Does that sound risky, itself?
It can be. The alternative, however, can be far worse.
Real business risks, ignored…well…it’s not pretty.
Remember, first, that not all risk is the cliff diving, high-flying, life-defying kind.
Many of the circumstances that bring about these types of extreme risk are, frankly, ones you can’t control anyway.
The national and world economy, for example is something you can’t do much about.
Devastating acts of nature…same thing.
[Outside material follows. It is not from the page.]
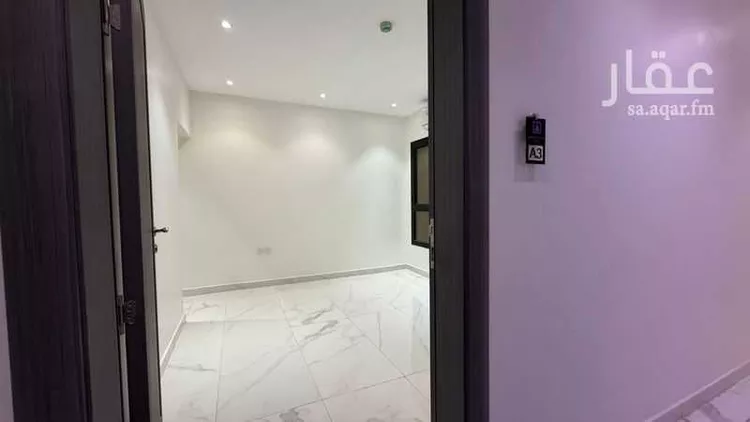 شقة للإيجار في شارع أحمد بن عمرو بن السرح, حي النرجس, مدينة الرياض, منطقة الرياض صورة 3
You just have to be ready to adapt well, however things work out.
If these are the risks ones you worry most about, scenario analysis is a tool that could be helpful to you.
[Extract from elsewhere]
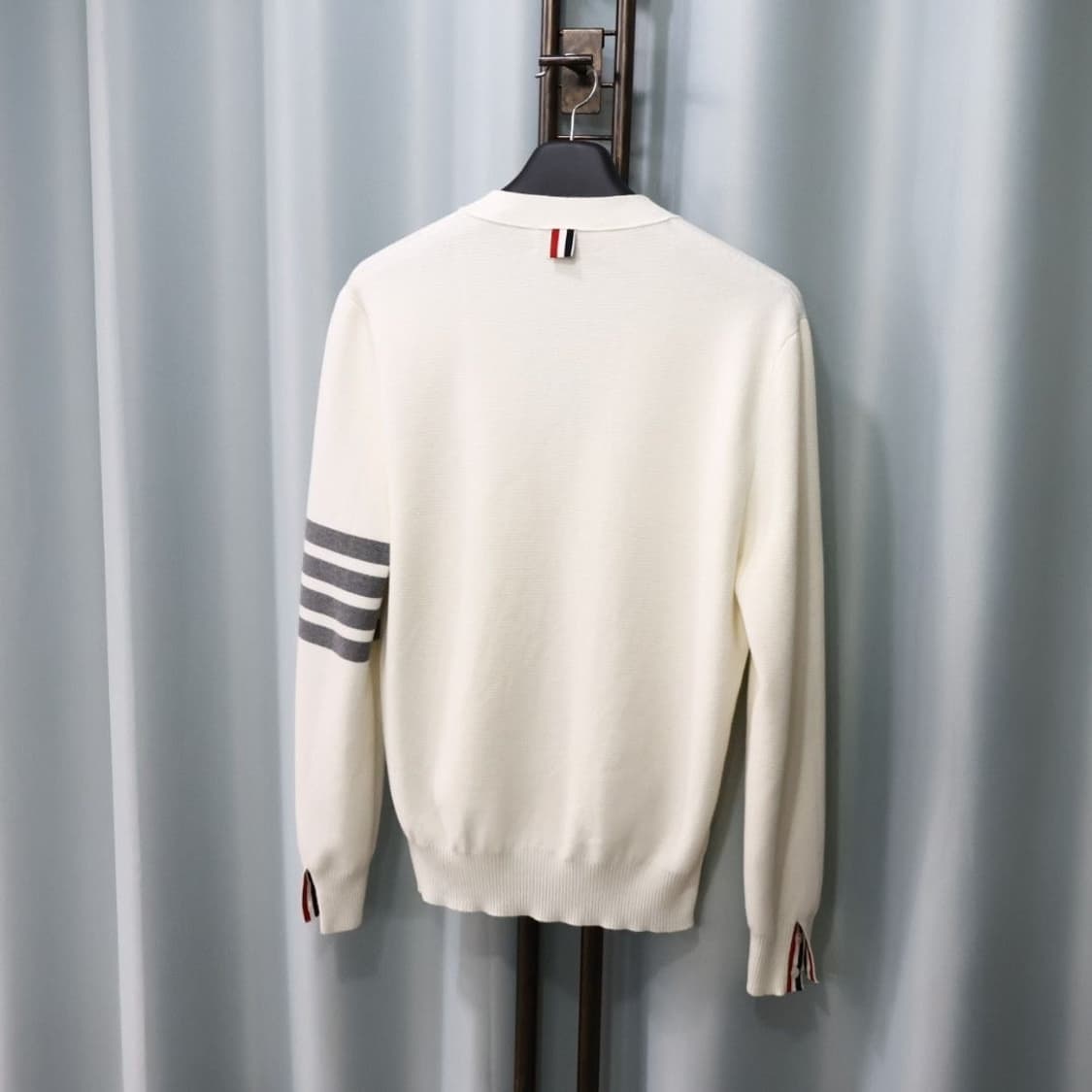 톰브라운 밀라노 스티치 가디건 3사이즈 상품이미지3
Second, the real risks in business are often things you CAN control.
And they’re often already inside your company.
They’re the risks that you either created (often unwittingly) or that you perpetuate by not taking them on, and then managing, minimizing or eliminating them.
(It sounds a bit like a virus, doesn’t it? That’s not a bad metaphor for how these things often work).
Any of the following situations are a risk to your company.
They can lead to product and service quality problems. And that can lead to the loss of customers, profits, and valued employees, too.
By the way, these are all circumstances you can improve:
- Lack of focus
- Inattention to important details…the ones your customers care most about
- Lack of clear, complete communication
- Inaction or ineffective action when a problem is discovered
- Confusing, inconsistent and ineffective ways of getting work done
- Ineffective and frustrating hiring, onboarding, training, managing and mentoring practices
The signs of potential risks and trouble can be subtle…or glaring.
And because you’re in the middle of the situation, you may not really see or grasp problems until they’ve been festering for a long time.
Start to remove risks inside your business in these ways:
Start by considering the parts of your business that feel in control.
What gives you confidence that these things are working well?
Next, think about what feels out of control.
Which of these worry you the most, and why?
Be specific as you create both lists: “working well” and “worrisome.”
2. Pay attention
Don’t assume that all is as it seems.
What assumptions are you making that you need to check? (Often, where assumptions are concerned, you’re either very right, or very wrong).
What data and information do you wish you had to monitor and manage the things you’re most concerned about?
If those risks prove to be real (see the next step), that’s information you’ll want to begin to gather and use.
3. Go toward the risk, and test to see if it’s real
Seek to understand what’s really going on before you jump into action to prevent, mitigate or manage perceived risks.
Observe, research, inquire, test in whatever ways you can to start to see if the risks are real, or just worries that are unwarranted.
And, by the way, people may tell you, “Our work is different. It can’t be measured and managed easily.”
I’m here to tell you, though, as a former operational analyst and process auditor at Apple, there are ALWAYS things you can do to see how things are really working, compared to how you wish they were.
The information you gain in this way is always clarifying. And usually, it’s also good for profits, while it makes things work better for everyone involved.
In addition, get to know people who can advise or teach you. They may quickly see potential problems that you’re overlooking, and shouldn’t be, now.
5. Chunk the action
If changes are necessary, once you understand the risks that are present, break the change into a series of achievable actions.
You’re more likely to do the work if you “chunk” it into manageable sections.
Suddenly, big goals that were overwhelming become accessible and motivating.